Crawled caption data:
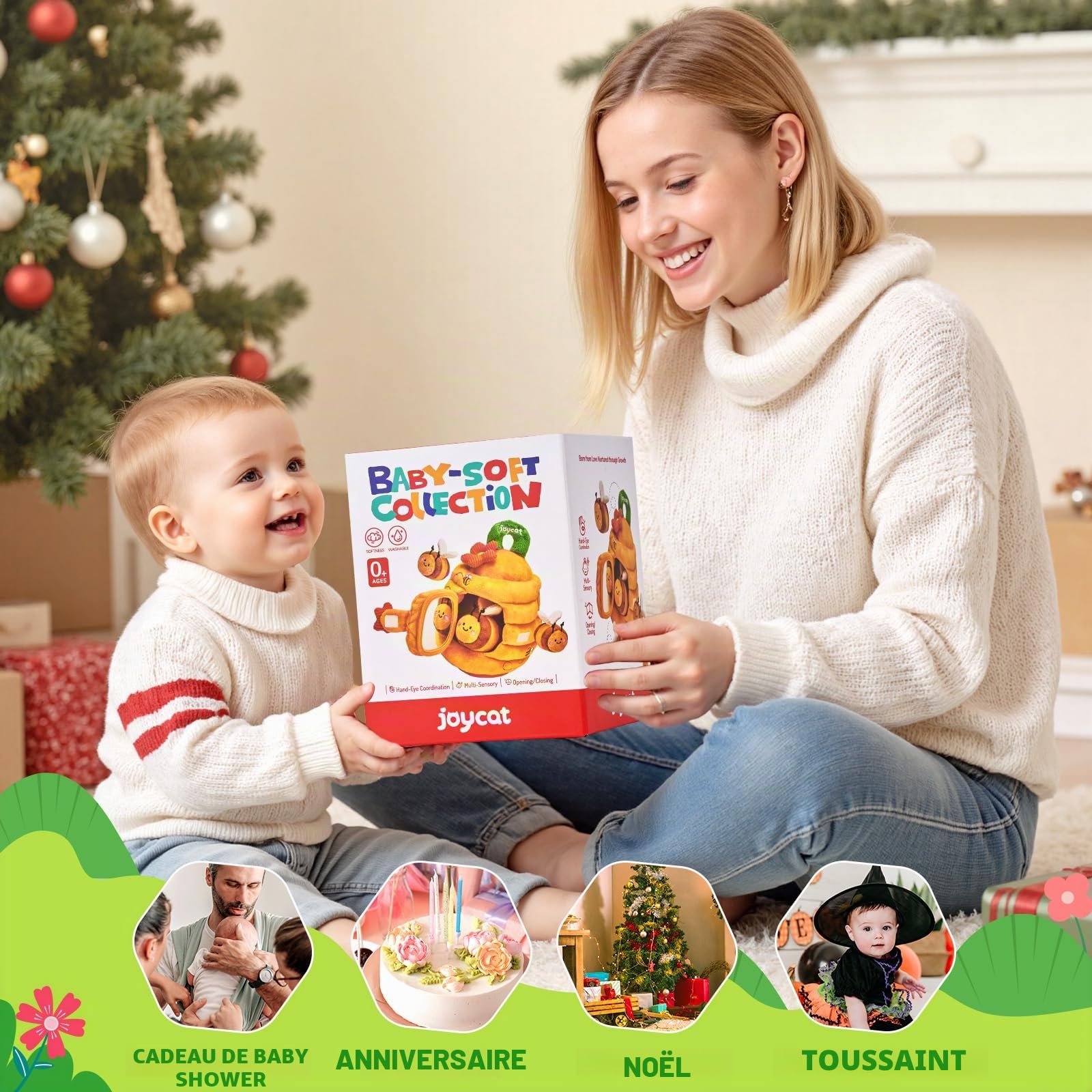 JoyCat Jouet Bebe 6-12 Mois, Ruche avec 5 Abeilles en Peluche, Jouet Montessori avec Hochets, Miroirs, Jeux Sensoriel Bebe 6 Mois, Cadeau Bebe Enfant 1 an Garçon Fille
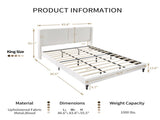 King Size Bed Frame with 55.5"High Back Upholstered Headboard,Boucle Fabric,12 Slat W1716P335678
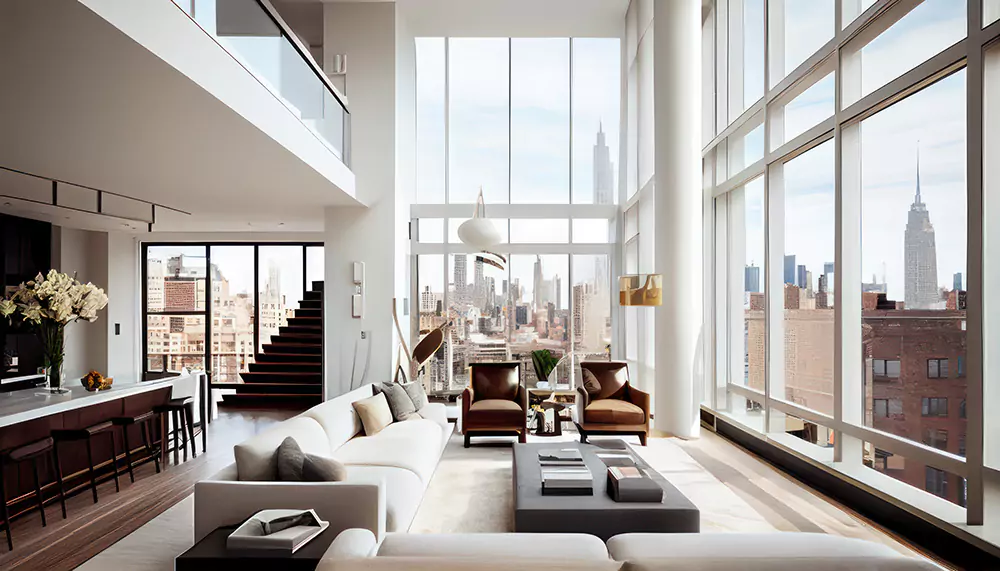 Luxury features of NYC property including floor-to-ceiling windows, custom craftsmanship, high-end design, and panoramic views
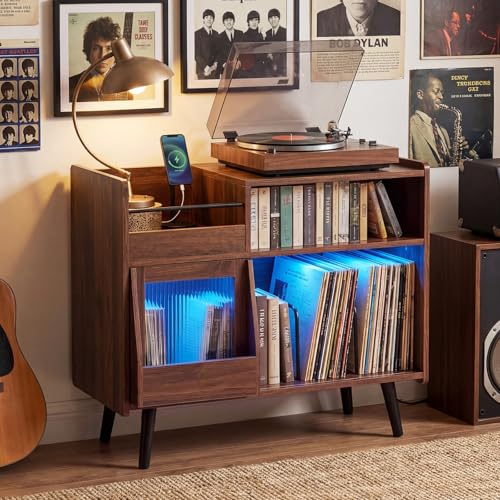 Giantex Large Record Player Stand with LED Light, Mid Century Modern Turntable Stand w/Sliding Door, Charging Station & Solid Wood Leg, Record Player Table, Vinyl Record Storage for Living Room, Walnut Giantex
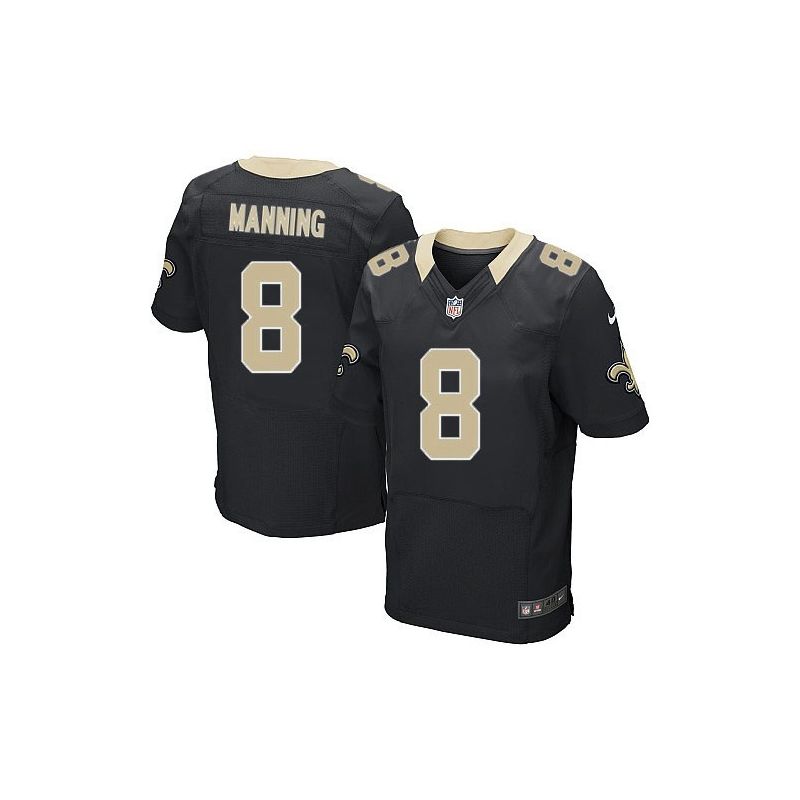 Cheap Archie Manning Saints ELITE Jersey From China #8 Black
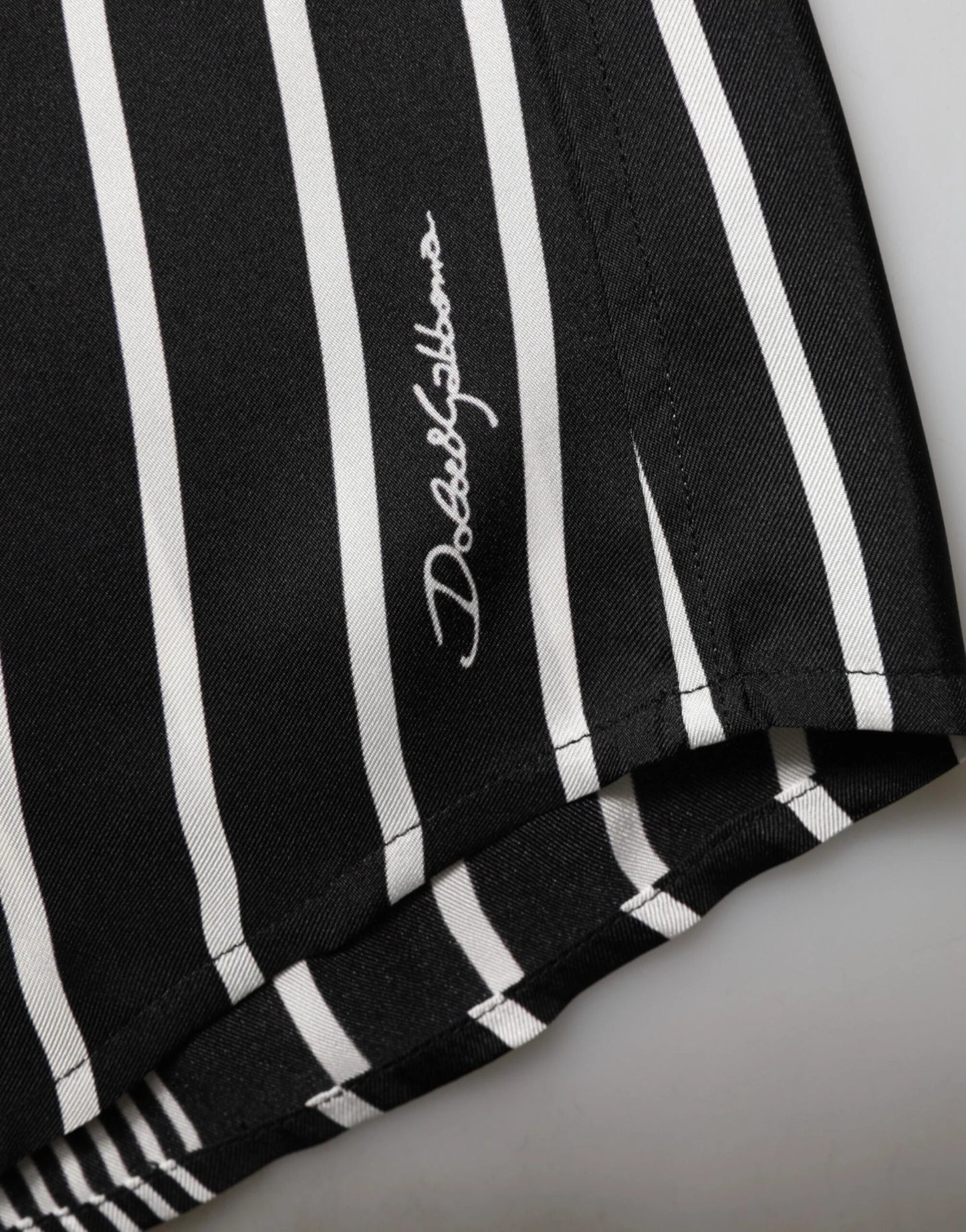 Dolce & Gabbana Black White Stripes Men MARTINI Dress Shirt by Dolce & Gabbana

■ WHAT TO WORK ON
All that is needed is an exact copy of the lines from the top of the entries through the line containing "King Size Bed", pictures left out.

■ OUTPUT BELOW
 JoyCat Jouet Bebe 6-12 Mois, Ruche avec 5 Abeilles en Peluche, Jouet Montessori avec Hochets, Miroirs, Jeux Sensoriel Bebe 6 Mois, Cadeau Bebe Enfant 1 an Garçon Fille
 King Size Bed Frame with 55.5"High Back Upholstered Headboard,Boucle Fabric,12 Slat W1716P335678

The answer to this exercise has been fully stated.